Эллин и раб – это совершенно разные существа, но при всём этом, как уже говорилось здесь, они решительно не могут друг без друга, ибо «в целях взаимного самосохранения необходимо объединяться попарно существу, в силу своей природы властвующему, и существу, в силу своей природы подвластному. Первое благодаря своим умственным свойствам способно к предвидению, и потому оно уже по природе своей существо властвующее и господствующее; второе, так как оно способно лишь своими физическими силами исполнять полученные указания, является существом подвластным и рабствующим. Поэтому и господину и рабу полезно одно и то же».[127] «Неизбежно приходится согласиться, – утверждал Аристотель, – что одни люди повсюду рабы, другие нигде такими не бывают».[128] Словом, с самого часа своего рождения одни предназначаются для подчинения, другие – для господства.[129]

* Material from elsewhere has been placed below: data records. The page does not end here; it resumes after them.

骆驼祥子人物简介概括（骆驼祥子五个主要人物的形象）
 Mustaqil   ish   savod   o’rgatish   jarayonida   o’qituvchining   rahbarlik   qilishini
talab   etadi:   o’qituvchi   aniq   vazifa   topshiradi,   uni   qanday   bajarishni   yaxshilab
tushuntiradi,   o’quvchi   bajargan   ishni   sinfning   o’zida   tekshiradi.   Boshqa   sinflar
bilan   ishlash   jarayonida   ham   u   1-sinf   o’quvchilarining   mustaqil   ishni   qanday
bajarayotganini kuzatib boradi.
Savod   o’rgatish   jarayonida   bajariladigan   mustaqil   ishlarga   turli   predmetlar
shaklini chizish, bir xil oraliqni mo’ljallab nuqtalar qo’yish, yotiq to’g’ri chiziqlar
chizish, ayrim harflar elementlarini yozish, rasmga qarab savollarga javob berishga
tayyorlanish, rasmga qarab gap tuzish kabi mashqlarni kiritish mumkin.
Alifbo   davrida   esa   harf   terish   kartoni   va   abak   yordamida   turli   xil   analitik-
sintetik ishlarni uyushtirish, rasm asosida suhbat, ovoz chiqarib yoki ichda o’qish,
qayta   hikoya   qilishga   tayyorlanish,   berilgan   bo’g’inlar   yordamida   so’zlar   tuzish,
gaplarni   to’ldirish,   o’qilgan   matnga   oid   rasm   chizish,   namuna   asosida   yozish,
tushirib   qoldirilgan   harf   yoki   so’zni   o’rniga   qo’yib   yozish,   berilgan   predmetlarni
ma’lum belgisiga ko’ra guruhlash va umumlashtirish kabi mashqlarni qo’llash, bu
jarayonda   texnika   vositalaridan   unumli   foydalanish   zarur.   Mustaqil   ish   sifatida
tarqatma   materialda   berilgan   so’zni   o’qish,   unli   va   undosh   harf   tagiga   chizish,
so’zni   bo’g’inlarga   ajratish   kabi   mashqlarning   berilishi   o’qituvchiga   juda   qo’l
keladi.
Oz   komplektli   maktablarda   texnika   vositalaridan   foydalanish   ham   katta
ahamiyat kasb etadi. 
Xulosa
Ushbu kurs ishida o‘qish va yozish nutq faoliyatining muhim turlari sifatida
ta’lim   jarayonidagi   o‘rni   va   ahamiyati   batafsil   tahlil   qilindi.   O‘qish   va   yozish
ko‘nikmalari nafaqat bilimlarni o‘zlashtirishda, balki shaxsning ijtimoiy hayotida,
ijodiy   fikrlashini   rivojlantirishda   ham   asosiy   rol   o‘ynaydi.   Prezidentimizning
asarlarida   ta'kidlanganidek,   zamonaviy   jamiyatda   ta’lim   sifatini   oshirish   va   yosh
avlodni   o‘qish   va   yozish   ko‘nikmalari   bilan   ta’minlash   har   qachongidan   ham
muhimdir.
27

Не будем иронизировать над ставшими знаменитыми выводами античного философа. Это и в самом деле совершенно иная людская природа: то очевидное, что в глазах его соотечественника отличает эллина от любого раба, абсолютно не свойственно ей; она не обладает решительно ничем, что давало бы возможность варвару властвовать над другими. В ней нет всеподавляющей целеустремлённой воли, она не знает инстинктивного ощущения глубинного родства крови со своим племенем; она не способна мгновенно сплотиться в единую монолитную массу, взорваться синхронным порывом к общей цели; она не спаяна суровой дисциплиной. В ней нет звенящей энергии взведённой катапульты, она не пронизана священным духом агона и дополняющей его культурой товарищества; не одержима неодолимым стремлением к победе, не обладает способностью к молниеносной мобилизации всех своих жизненных сил. В ней нет нерассуждающей рефлекторной готовности к решительному полномасштабному действию по первому же знаку тревоги. Жадная до чужой крови, она до смерти боится пролить свою собственную; животный страх светится в её глазах, в ней нет презрения к боли и неколебимой стойкости в испытаниях. В ней не горит решимость переступить через всё и при этом не нарушить ни один из нравственных запретов по отношению к «своим»; она не источает победительный дух. Словом, она не отмечена печатью избранности. Но ведь именно в этом и раскрывается прирождённая способность эллина к властвованию! И если ничего подобного нет в природе раба, то ему остаётся только одно – повиновение. Нет, это и в самом деле совершенно иная порода людей…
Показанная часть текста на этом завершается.